Fit a model with the result of the diabetes test as the response and all the other variables as predictors. Can you tell whether this model fits the data ?

glm.pima.full <- glm(test ~ ., pima, family = binomial)
summary(glm.pima.full)

library(car)
residualPlots(glm.pima.full)

library(statmod)
qqnorm(qresiduals(glm.pima.full))
qqline(qresiduals(glm.pima.full))
qres <- qresiduals(glm.pima.full)
plot(qres ~ predict(glm.pima.full, type = "link"))
acf(qres)

The fit is quite good. The residuals are good and the uniform residuals pass all the checks. There are many non-significant variables so we can remove them to have a better fit.

On the basis of the previous result, try to fit another model

glm.pima <- glm(test ~ glucose + bmi + diabetes, pima, family = binomial)
summary(glm.pima)

residualPlots(glm.pima)
qqnorm(qresiduals(glm.pima))
qqline(qresiduals(glm.pima))
qres <- qresiduals(glm.pima)
plot(qres ~ predict(glm.pima, type = "link"))
acf(qres)

influenceIndexPlot(glm.pima, vars = c("Cook", "Studentized", "hat"))

Using the previous model, predict the outcome for a woman with the following predictor values:

new_pima <- data.frame(pregnant = 1, glucose = 99, diastolic = 64, triceps = 22,
                       insulin = 76, bmi = 27, diabetes = 0.25, age = 25)
pred_prob <- predict(glm.pima, newdata = new_pima, type = "response", se = TRUE)

pred_prob$fit 

pred_logit <- predict(glm.pima, newdata = new_pima, se = TRUE)

ilogit(pred_logit$fit) 
ilogit(pred_logit$fit - 1.96 * pred_logit$se.fit)
ilogit(pred_logit$fit + 1.96 * pred_logit$se.fit)

Exercise 5: lung cancer

Here we will consider a data set from the ISwR package, which contains the number of lung cancer cases recorded in different age categories in four different Danish cities. The cases column contains the number of lung cancer cases for each city and age category.

library(ISwR)
data(eba1977)
eba1977

Model this count using the city and age category as predictors.

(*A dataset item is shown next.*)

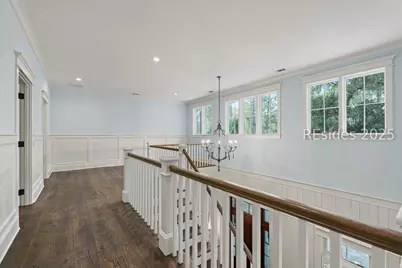 9 Nottingham Road, Bluffton, SC 29910 - Photo 33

Fit a Poisson GLM to the data. Is the fit appropriate ?

glm.cancer <- glm(cases ~ city + age, data = eba1977, family = poisson)
summary(glm.cancer)

In the previous model, we are not considering the number of potential cases in each group (i.e. the population size). Modify the model by using an offset which takes the population size into account.
```
glm.cancer.off <- glm(cases ~ offset(log(pop)) + city + age, data = eba1977,
                      family = poisson)
summary(glm.cancer.off)
```
Fit a binomial model to the data by considering success as being lung cancer cases and failures as being: populationsize - number of cases.

success <- eba1977$cases
failures <- eba1977$pop - eba1977$cases
glm.cancer.bin <- glm(cbind(success, failures) ~ city + age, family = "binomial",
                      data = eba1977)
summary(glm.cancer.bin)

Compare with the Poisson model.

We see that the results are very close to those obtained with the Poisson model with offset. This is because the number of cases is generally very low compared to the population size, in other words, the population size is almost infinite compared to the number of cases. In this situation, the Poisson distribution is closely related to the binomial distribution.